As we noted earlier, phishing sites have incorporated SSL into their scams since late 2004. Some examples:
- Attacks in which SSL certificates are purchased for “sound-alike” domains, allowing sites spoofing major institutions to sport a locked icon. An example is a phishing attack from last October using the domain visa-secure.com.
- Phishes using cross-site scripting to insert content into poorly-coded financial web sites, enabling attacks to be delivered over SSL with the attacker’s code being served as part of a url from the bona fide bank’s own secure server.
- Attacks using frame injection attacks to insert spoofed content into bank web sites, which also run under https with a secure lock icon.
- Browser security holes, such as Firefox spoofing flaw from last July, which allowed a malicious website to use another site’s SSL certificate to present a secure spoofed page with a “locked” icon.
Do Internet users pay attention to browser warnings alerting them to problems with a site’s SSL certificate?
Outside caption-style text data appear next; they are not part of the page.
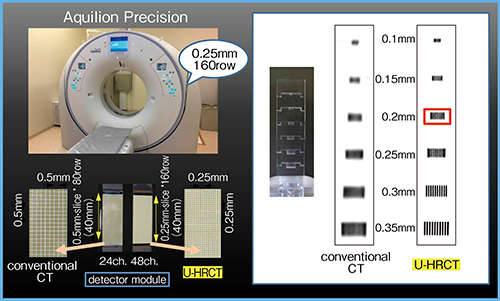 図1　Aquilion Precisionの特長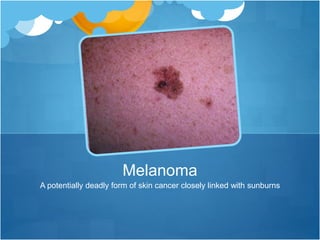 A potentially deadly form of skin cancer closely linked with sunburns
Melanoma
 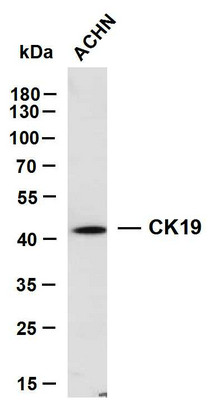 Western Blot (WB): ACHN whole cell lysates were separated by 10% SDS-PAGE, and the membrane was blotted with anti-CK19 STJA0038982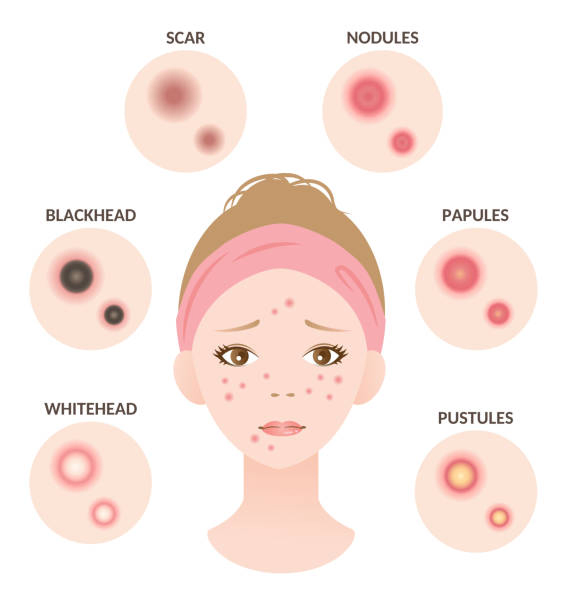 China Manufacture Hydrocolloid Acne Pimple Patch Crystal Flower Shaped Acne Patch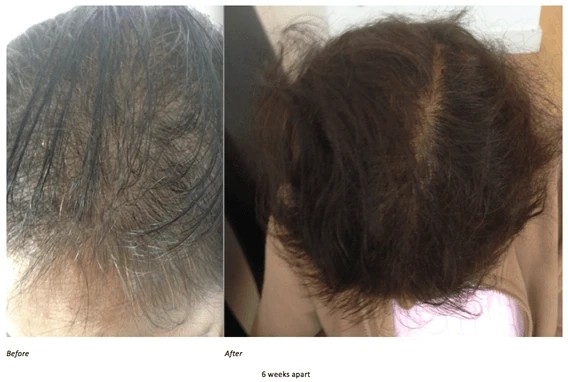 hairloss-women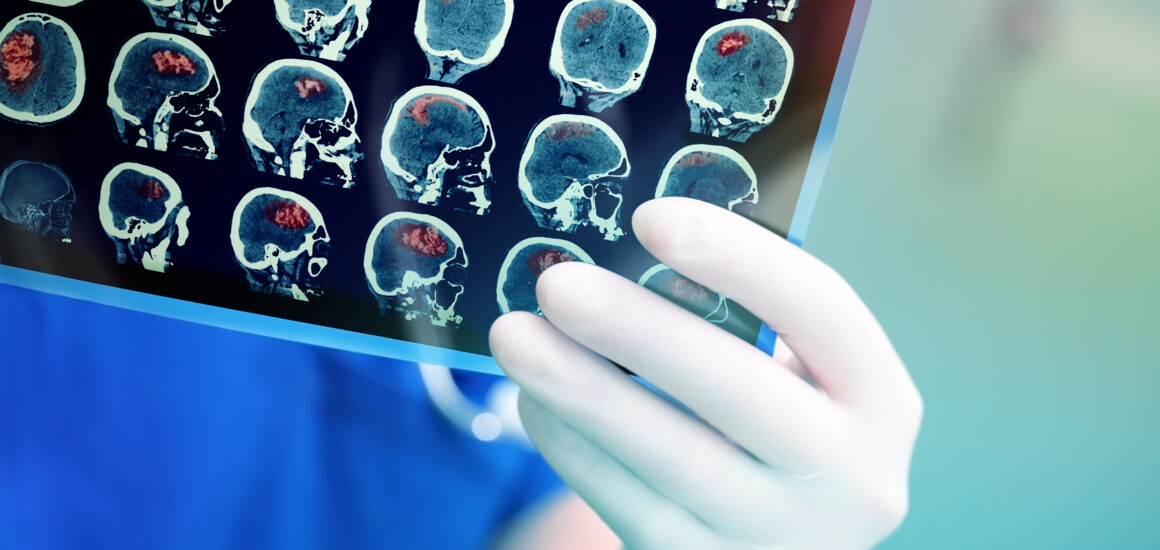 A THC elősegíti a traumás agyi sérülésből való felépülést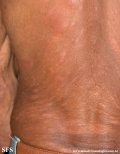 leprosy lepromatous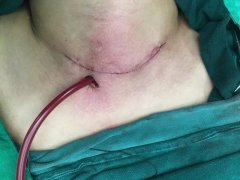 3天2台甲状腺肿瘤手术,成都仁品耳鼻喉专家妙手除“结”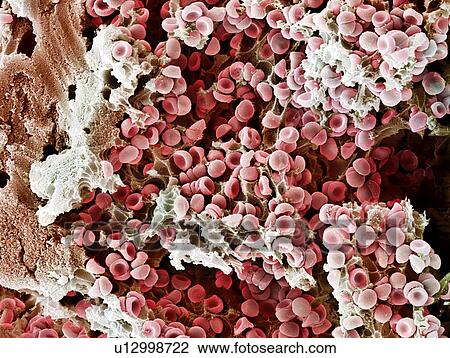 Blood clot, SEM View Large Photo Image Stock Image - Blood clot, SEM. Fotosearch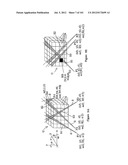 RADIOACTIVE-EMISSION-MEASUREMENT OPTIMIZATION TO SPECIFIC BODY STRUCTURES diagram and image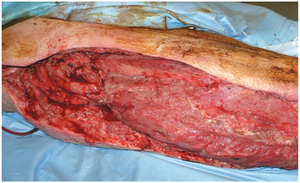 Necrotizing fasciitis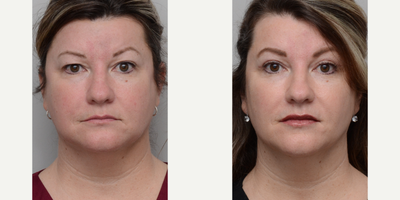 Lip Fillers before and after photo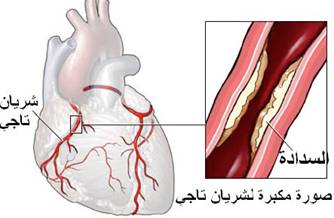    ::    Myocardial infarction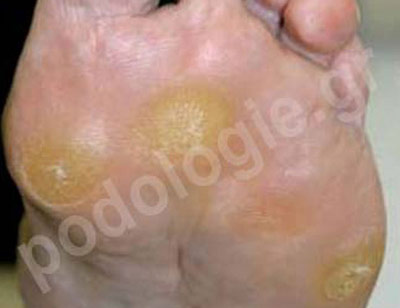 Skin hardening, metatarsal calluses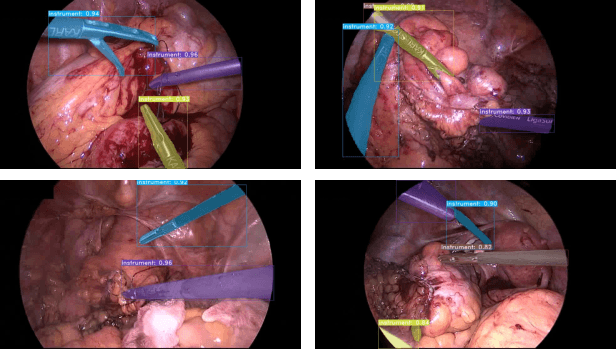Figure 4 for Assessing YOLACT++ for real time and robust instance segmentation of medical instruments in endoscopic procedures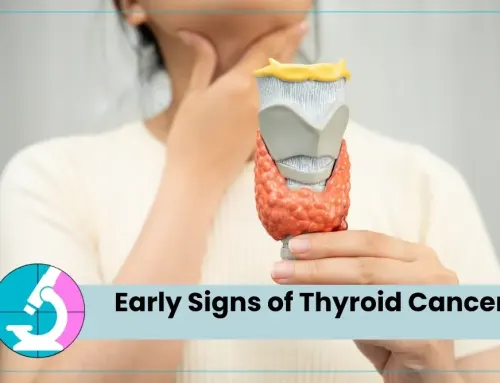 Early Signs of Thyroid Cancer When to Get a Biopsy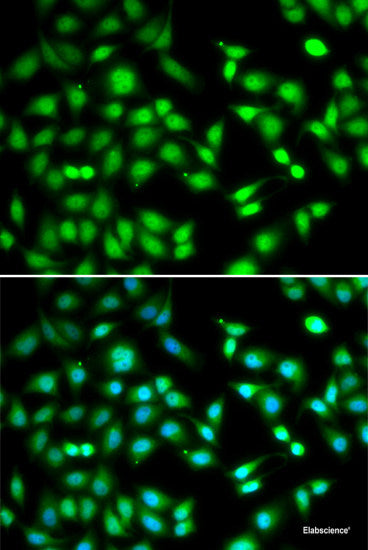 Immunofluorescence analysis of C6 cells using RECK Polyclonal Antibody at dilution of 1:100 (40x lens). Blue: DAPI for nuclear staining.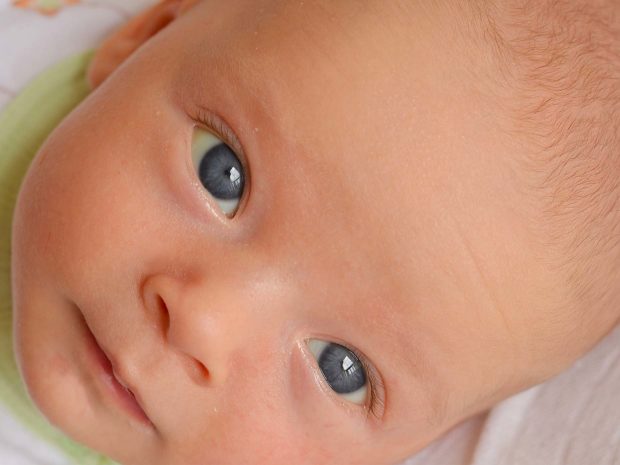 primo piano volto neonato affetto da ittero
The question got an unintended field test earlier this year when New Zealand’s BankDirect accidentally allowed a certificate to expire. The mistake was fixed within 12 hours, during which about 300 customers were presented with a security alert when they visited the bank’s website. Server logs show that all but one of 300 users dismissed the warning and logged in as usual.
Those results, coupled with the growing number of phishing scams invoking SSL, should motivate certificate authorities and browser developers to redouble efforts to educate Internet users about certificates and SSL security warnings.